Below is a look at the history of the Case-Shiller home price index, which measures the change in housing prices in major US metro areas. From the depths of 2009, we are now solidly in positive rate of price change territory with the recent trajectory pointing straight up. As you already know, what has been occurring in places like the SF Bay Area makes the growth rate numbers below look tame.

The major mainstream media message is clear — housing is back and it’s on fire! Right?

Let’s switch gears for a second away from the “sound bite” media characterizations of the US housing market and look at what have been a number of the key factual historical housing market metrics. In other words, these are factual numbers that characterize current US housing activity. I’ll cut right to the punch line; the character of the residential real estate market in the current cycle is completely different than anything we’ve seen in US economic and housing cycles of the last half century. A bold statement? It really is different this time? Let’s look at the numerical facts.

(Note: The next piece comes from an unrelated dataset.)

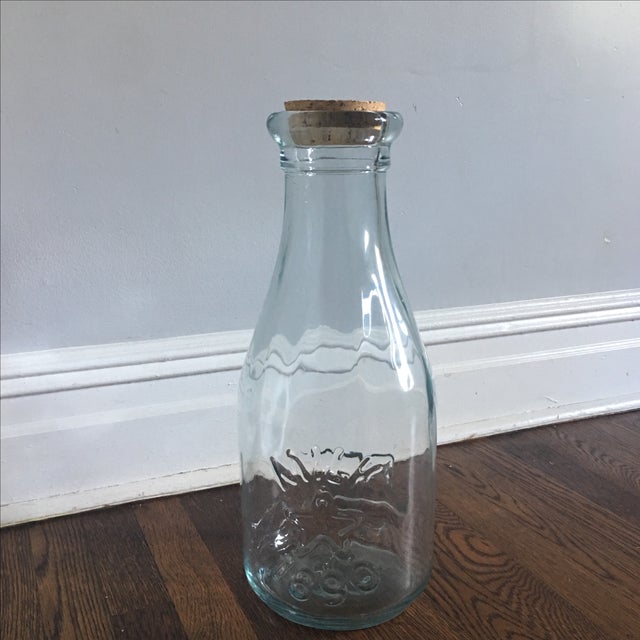 Star milk bottle with cork. Has an image of a cow on one side and "milk, 1890" and a star. Perfect condition. 18"in height.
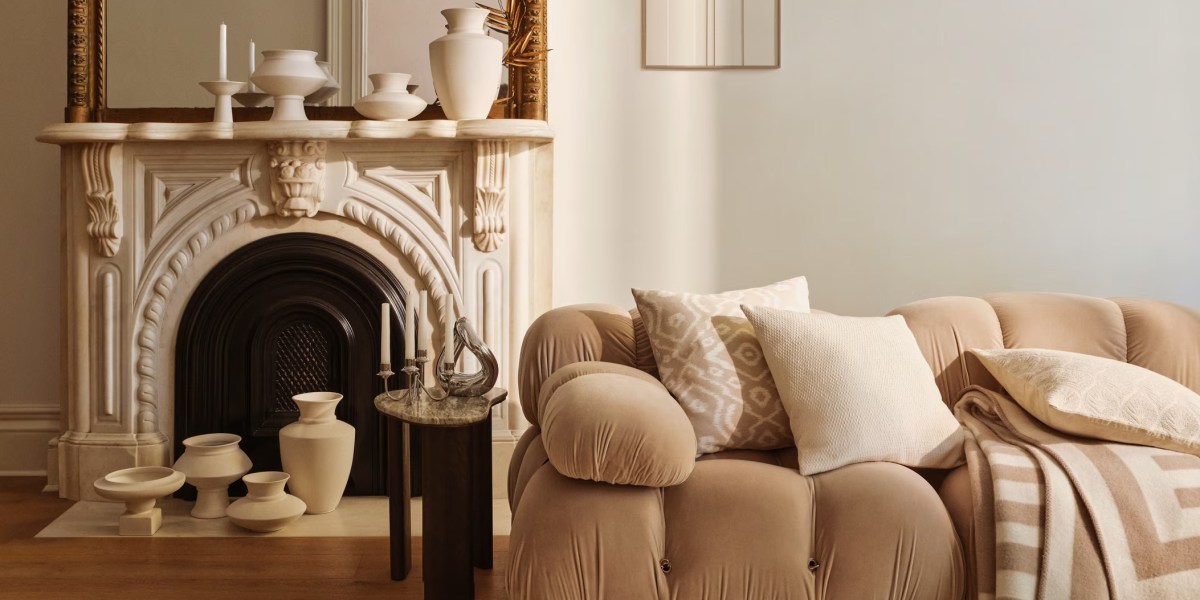 Cream and beige living room with a couch and fireplace accented with several vases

The following chart is the recorded history of new home sales in the US stretching back literally 50 years. Looking at this data, one might naturally ask, “What housing recovery?” New home sales today in the US are consistent with the bottom of historical recessions of every economic cycle over the last five decades. In fact, four and a half years (length of current economic cycle) into each economic expansion/housing cycle, new home sales were twice what we see today.

In the next chart we see exactly the same rhythm of recovery when we look at the history of new housing starts, again stretching back five decades. We are at a level consistent with recession and cycle bottoms of the last half century. Is this what you expected to see based on the mainstream media coverage of the moment?

Now this is interesting. Historically, the average household has financed housing purchases via longer term mortgage debt. As economic cycles have accelerated, increased jobs and wages have triggered increased housing activity and a natural increase in mortgage applications. The chart below courtesy of Calculated Risk shows us the monthly moving average of mortgage purchase applications from 1990 to present. Not only economic cycles, but also longer term demographics (baby boom generation) explain the upward bias to this historical pattern.

The anomaly in the chart is self-evident — there has been virtually no pickup in mortgage purchase applications since the cycle bottom was seen in mid-2010. This is in spite of a meaningful recovery in home prices. There has not been a housing cycle in memory that wasn’t accompanied by a meaningful increase in mortgage applications. Sheer increase in population alone would support an upward bias to these numbers, but that has been absent over the last three years.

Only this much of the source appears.